Tho Paramasivan’s work on the unknown, untold, uncharted aspects of Tamil country reads like notes and entries in a ledger. On Pongal, he writes that it is a festival that bestows a national identity to the Tamils and transcends religious barriers. In an excerpt from  Ariyappadaatha Tamizhagam ( The Sweet Salt of Tamil: Things We Do Not Know about Tamil Country), translated into English by V. Ramnarayan for Navayana and made possible by the Tamil Nadu Textbook & Educational Services Corporation. “The sacred day of Thai Pongal, the first day of the Tamil month Thai, in the middle of January, is the most important festival of the Tamils. It is a festival that bestows a national identity to the Tamils. It also transcends religious barriers. Importantly, this festival is not governed by the taboos regarding defilement associated with birth and death. In Tirunelveli district, for instance, the Thai Pongal rituals are performed in a house even if a death occurs on the day of the festival. The body is removed and the house is quickly cleaned. On the day of Pongal, vegetables and tubers are prominent among the foods offered to the favourite gods after lighting the ceremonial lamps. These include the tubers (yam, taro and edible palmyra root) proscribed since time immemorial by brahmins and in major temples. Clearly, Thai Pongal is a festival that is a part apart from brahminical culture.” 

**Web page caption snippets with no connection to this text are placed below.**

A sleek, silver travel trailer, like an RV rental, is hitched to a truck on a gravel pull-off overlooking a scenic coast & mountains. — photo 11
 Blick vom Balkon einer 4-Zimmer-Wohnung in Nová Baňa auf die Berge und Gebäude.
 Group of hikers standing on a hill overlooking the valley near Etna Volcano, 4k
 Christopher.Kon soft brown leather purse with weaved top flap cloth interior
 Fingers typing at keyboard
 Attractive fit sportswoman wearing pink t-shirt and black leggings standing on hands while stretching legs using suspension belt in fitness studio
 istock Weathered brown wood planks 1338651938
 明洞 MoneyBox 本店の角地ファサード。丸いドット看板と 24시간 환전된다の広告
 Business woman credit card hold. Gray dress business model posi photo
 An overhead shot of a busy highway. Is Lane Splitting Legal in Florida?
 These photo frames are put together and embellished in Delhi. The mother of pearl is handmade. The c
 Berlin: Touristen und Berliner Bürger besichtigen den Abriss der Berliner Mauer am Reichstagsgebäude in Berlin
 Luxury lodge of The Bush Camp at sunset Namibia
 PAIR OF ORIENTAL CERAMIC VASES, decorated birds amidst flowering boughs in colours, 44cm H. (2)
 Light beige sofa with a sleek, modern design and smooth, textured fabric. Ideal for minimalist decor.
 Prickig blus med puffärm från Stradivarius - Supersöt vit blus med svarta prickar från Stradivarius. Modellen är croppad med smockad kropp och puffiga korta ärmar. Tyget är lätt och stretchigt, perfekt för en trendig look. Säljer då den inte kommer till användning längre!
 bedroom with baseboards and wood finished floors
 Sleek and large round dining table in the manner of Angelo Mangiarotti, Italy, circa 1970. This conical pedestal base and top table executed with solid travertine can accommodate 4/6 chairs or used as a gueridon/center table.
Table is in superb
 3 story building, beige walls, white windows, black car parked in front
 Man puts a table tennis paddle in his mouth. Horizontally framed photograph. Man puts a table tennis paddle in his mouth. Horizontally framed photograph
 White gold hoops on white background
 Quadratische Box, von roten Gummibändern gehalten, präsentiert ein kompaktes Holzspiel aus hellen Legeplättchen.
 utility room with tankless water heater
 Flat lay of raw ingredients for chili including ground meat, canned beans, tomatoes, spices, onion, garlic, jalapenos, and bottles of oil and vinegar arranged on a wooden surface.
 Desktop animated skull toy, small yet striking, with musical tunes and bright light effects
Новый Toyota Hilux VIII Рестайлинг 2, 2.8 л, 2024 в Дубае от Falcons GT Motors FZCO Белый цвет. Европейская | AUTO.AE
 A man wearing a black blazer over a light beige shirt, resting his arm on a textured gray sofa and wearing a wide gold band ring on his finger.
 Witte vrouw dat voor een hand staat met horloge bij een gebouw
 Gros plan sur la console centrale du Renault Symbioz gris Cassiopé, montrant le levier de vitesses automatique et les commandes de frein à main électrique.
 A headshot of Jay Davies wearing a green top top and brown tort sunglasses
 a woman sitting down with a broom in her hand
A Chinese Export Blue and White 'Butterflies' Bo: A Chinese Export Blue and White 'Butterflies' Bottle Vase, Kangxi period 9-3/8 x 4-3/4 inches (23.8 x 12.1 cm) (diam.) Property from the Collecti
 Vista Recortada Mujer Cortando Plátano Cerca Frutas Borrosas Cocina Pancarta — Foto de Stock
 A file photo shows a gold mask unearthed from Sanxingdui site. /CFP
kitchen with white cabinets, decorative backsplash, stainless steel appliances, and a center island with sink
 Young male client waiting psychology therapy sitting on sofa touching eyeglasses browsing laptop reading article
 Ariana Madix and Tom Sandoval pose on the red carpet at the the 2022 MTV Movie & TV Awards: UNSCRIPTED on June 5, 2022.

Deepti Kapoor’s second novel,  Age of Vice (Juggernaut), captures Delhi’s circle of power – the maddening play of sin, envy, corruption and pride --  and in doing so, also chronicles India’s contemporary socio-economic landscape. In an interview with Saurabh Sharma, she says a turning point for her was the rape and murder of Nirbhaya in 2012 on a Delhi bus. “In the aftermath I was drawn to enquire about the specific circumstances: what led these men to operate the bus illegally, what kind of corruption was in place that enabled this.”  Age of Vice was born from the intention to enquire about the “networks and processes of corruption, power and complicity. And the small acts of rebellion you find within them.” Asked how she made the narrative cinematic, she says, “I have images in my head before anything else. I work in cinematic visuals that are then translated into prose.” She also is careful to write about ‘the other’ with empathy, trepidation and research. “One has to be extremely mindful of one’s privileges and blind spots. I think if you open yourself up to others’ pain, then you recognise that even with differences in class, caste, background, and religion, there’s a universality of emotion, and that’s what I’ve tried to do.”